Detecting Avalanche Effect in Adversarial Settings: Spotting the Encryption Loops in Ransomware

Spotting encryption loops in binary-only ransomware is a critical reverse engineering task. Since the existence of avalanche effect, an intrinsic characteristic of any secure encryption algorithms, is unavoidable during a victim data encryption attack, it is a very promising direction to spot encryption loops through avalanche effect detection. Unfortunately, no existing work in this direction ensures that the being-checked effect is the avalanche effect itself. Although CipherXRay is inspired by avalanche effect, it only checks whether a"ripple effect"(i.e., a necessary but non-sufficient condition) of avalanche effect exists, allowing a straightforward counterattack to succeed. In this work, we present a new approach that checks the avalanche effect itself. Because the detection is conducted in adversarial settings (e.g., the ransomware author may obfuscate the code), a viable approach must tolerate inaccurate input \&output identification and must be resilient to adversarial evasion.
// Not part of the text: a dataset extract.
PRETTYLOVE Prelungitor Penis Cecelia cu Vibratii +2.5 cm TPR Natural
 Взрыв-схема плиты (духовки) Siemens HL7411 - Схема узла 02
These challenges are addressed by a novel record-and-replay detection mechanism that takes advantage of the statistical guarantees provided by the Shapiro-Wilk normality test. The experimental results show that our approach achieves 0.0\% false negative rate and 1.1\% false positive rate. When our tool is employed to reverse engineer real-world ransomware samples, it succeeds in analyzing all the ransomware samples selected from ten representative families.